En 1883, il passa sa. thèse de doctorat où il traitait de
la Comédie après Molière et le Théâtre
de Dancourt; l'année suivante, il fut nommé professeur
à la faculté des lettres de Grenoble.
Depuis plusieurs années, Jules Lemaître
s'était fait connaître par des essais littéraires parus
dans la Revue bleue en 1878 et 1879; un article sur Gustave
Flaubert, qu'il avait étudié pendant son séjour
au Havre, fut dès lors très remarqué. Les années
suivantes, il publia deux petits volumes de vers d'un tour fin et agréable,
mais sans grand souffle poétique. On y trouvait cette intelligence
compréhensive et délicate, ce talent d'adaptation qui devaient
se développer si brillamment dans la critique littéraire
et la littérature théâtrale.
Le premier volume, les Médaillons:
Puellae, Puella, Risus rerum, Lares, parut en 1880; le second, Petites
Orientales, Une Méprise, Au jour le jour, en 1883. Les articles
de critique de Jules Lemaître, publiés dans la Revue bleue,
avaient de plus en plus attiré sur lui l'attention du public lettré
quand un article sur Renan, extrêmement mordant
et qui fit un peu scandale, lui donna la notoriété. En 1884,
J. Lemaître quitta l'Université pour se consacrer à
la littérature. II entra comme critique dramatique au Journal
des Débats, ou il succédait à J.-J. Weiss. Ses
feuilletons, qui ne sont pas aussi abondants et renseignés que ceux
de Sarcey, plaisaient au public par la finesse et l'imprévu des
réflexions et des sujets traités : ils sont toujours très
littéraires.
Jules Lemaître a publié encore
de temps à autre de petits articles quotidiens dans le Temps (Billets
du matin), puis des portraits en cinquante lignes (Figurines)

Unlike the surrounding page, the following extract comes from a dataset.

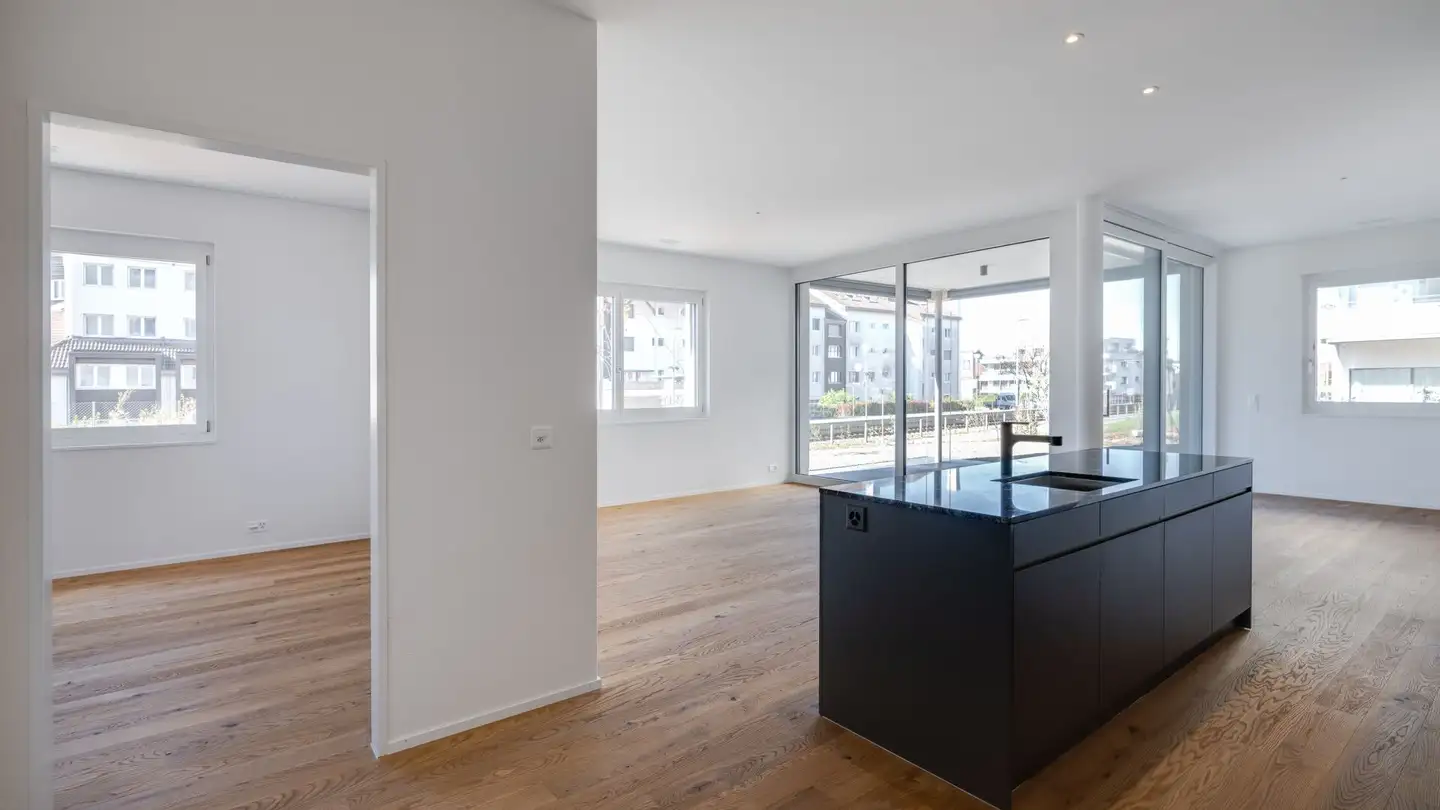 Appartamento in vendita - Bernstrasse 217, 3627 Heimberg - Foto 4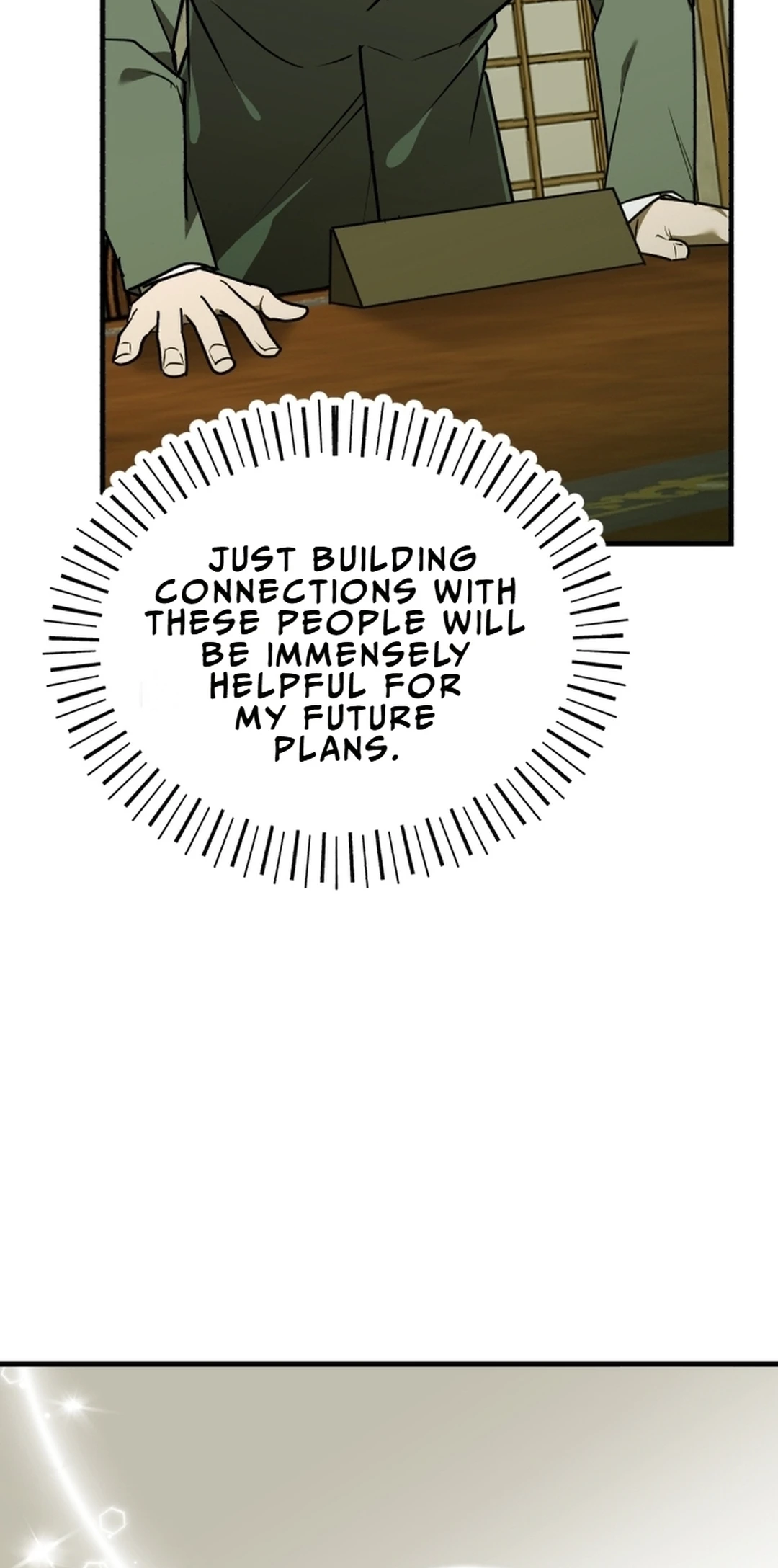 Read The Joseon Prince Who Went to America and Never Returned EN Manga Online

: parmi ceux-ci, on a remarqué particulièrement ceux consacrés
à Halévy et Brunetière.
Les études littéraires de
Jules Lemaître ont été réunies sous le titre:
les Contemporains (1886-1889, 4 volumes); on peut y relever particulièrement
l'article consacré à Victor Hugo,
qui fit sensation par sa liberté de jugement; celui de George Ohnet,
une exécution cruelle qui a été pour beaucoup dans
la défaveur où sont tombés les romans de cet auteur;
celui sur Emile Zola, etc.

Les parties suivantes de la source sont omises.